Problem to work on
Copy out the data below as written; omit any images.

Dataset excerpt

#####

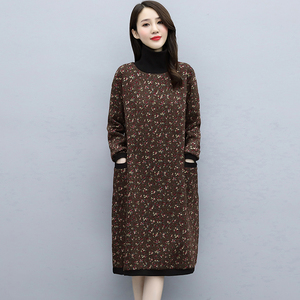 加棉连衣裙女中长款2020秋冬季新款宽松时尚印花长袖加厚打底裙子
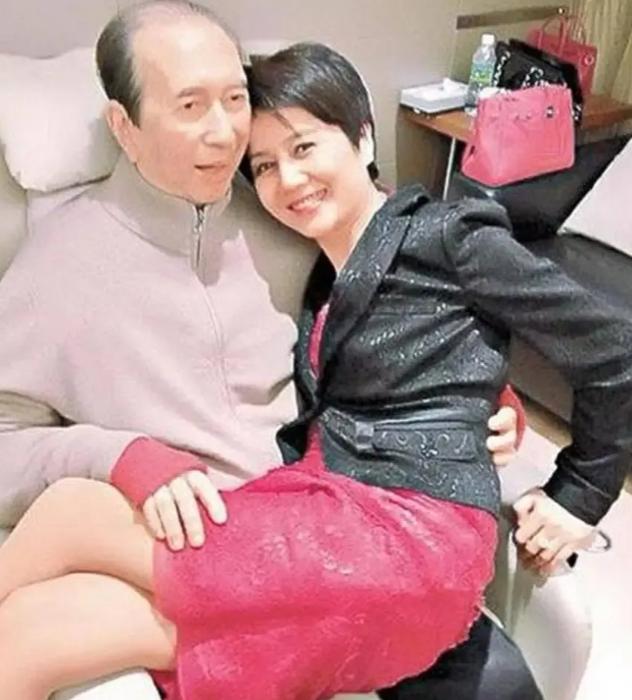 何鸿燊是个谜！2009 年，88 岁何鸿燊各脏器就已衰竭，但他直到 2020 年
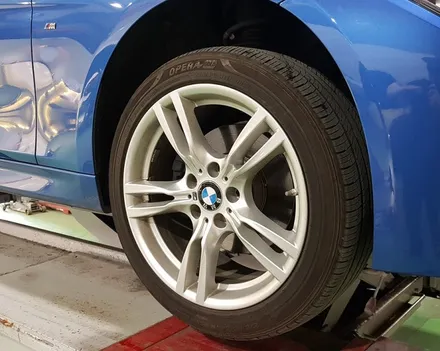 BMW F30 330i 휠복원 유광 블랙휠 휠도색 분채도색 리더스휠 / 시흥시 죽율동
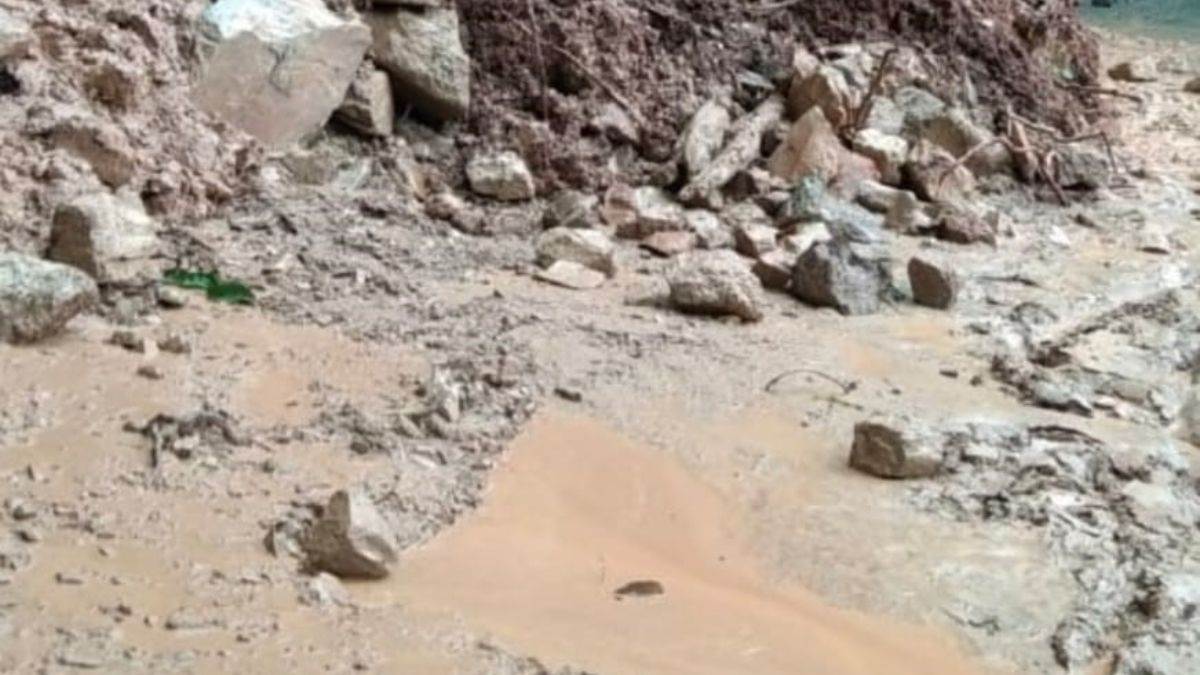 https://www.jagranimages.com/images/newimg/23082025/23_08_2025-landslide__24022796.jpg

#####

Worked solution
 加棉连衣裙女中长款2020秋冬季新款宽松时尚印花长袖加厚打底裙子
 何鸿燊是个谜！2009 年，88 岁何鸿燊各脏器就已衰竭，但他直到 2020 年
 BMW F30 330i 휠복원 유광 블랙휠 휠도색 분채도색 리더스휠 / 시흥시 죽율동
 https://www.jagranimages.com/images/newimg/23082025/23_08_2025-landslide__24022796.jpg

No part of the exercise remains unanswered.